Initializing Weights in PyTorch 📂Machine Learning

Initializing Weights in PyTorch

Code¹

Assuming we have defined a neural network as follows. The forward part is omitted.

import torch
import torch.nn as nn

class Custom_Net(nn.Module):
    def __init__(self):
        super(Custom_Net, self).__init__()

        self.linear_1 = nn.Linear(1024, 1024, bias=False)
        self.linear_2 = nn.Linear(1024, 512, bias=False)
        self.linear_3 = nn.Linear(512, 10, bias=True)

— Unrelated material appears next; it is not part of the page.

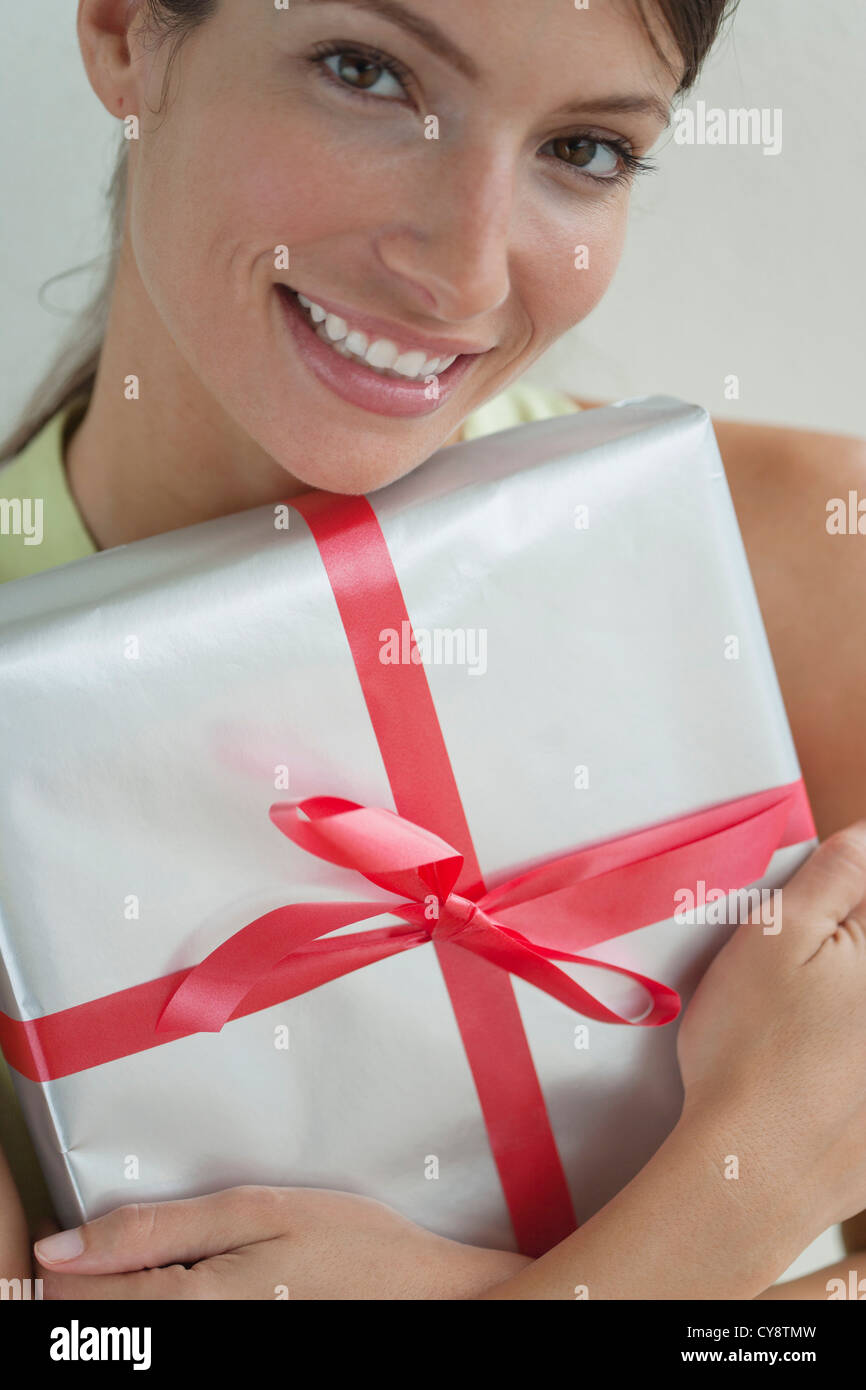 Young woman holding gift Stock Photo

        torch.nn.init.constant_(self.linear_1.weight.data, 0)
        torch.nn.init.unifiom_(self.linear_2.weight.data) 
        torch.nn.init.xavier_normal_(self.linear_3.weight.data)
        torch.nn.init.xavier_normal_(self.linear_3.bias.data)
          
    def forward(self, x):
        ...

Weight initialization can be set through nn.init. For layers with bias, this also needs to be specifically set.

Basics

torch.nn.init.constant_(tensor, val): Sets it to a constant.
torch.nn.init.ones_(tensor): Sets it to $1$ .
torch.nn.init.zeros_(tensor): Sets it to $0$ .
torch.nn.init.eye_(tensor)
torch.nn.init.dirac_(tensor, groups=1)
torch.nn.init.unifiom_(tensor, a=0.0, b=1.0): Sets the values to a uniform distribution between a and b. The default is a=0.0, b=1.0.
torch.nn.init.normal_(tensor, mean=0.0, std=1.0): Sets it to a distribution with a mean of 0 and a standard deviation of 1.
torch.nn.init.orthogonal_(tensor, gain=1)
torch.nn.init.sparse_(tensor, sparsity, std=0.01)

Xavier

torch.nn.init.xavier_uniform_(tensor, gain=1.0)
torch.nn.init.xavier_normal_(tensor, gain=1.0)

Kaiming

torch.nn.init.kaiming_uniform_(tensor, a=0, mode='fan_in', nonlinearity='leaky_relu')
torch.nn.init.kaiming_normal_(tensor, a=0, mode='fan_in', nonlinearity='leaky_relu')

Custom

If you want to use a specific array as an initial value, you can set it like this. When $A$ is a torch.tensor() with size $m \times n$ ,

class Custom_Net(nn.Module):
    def __init__(self):
        super(Custom_Net, self).__init__()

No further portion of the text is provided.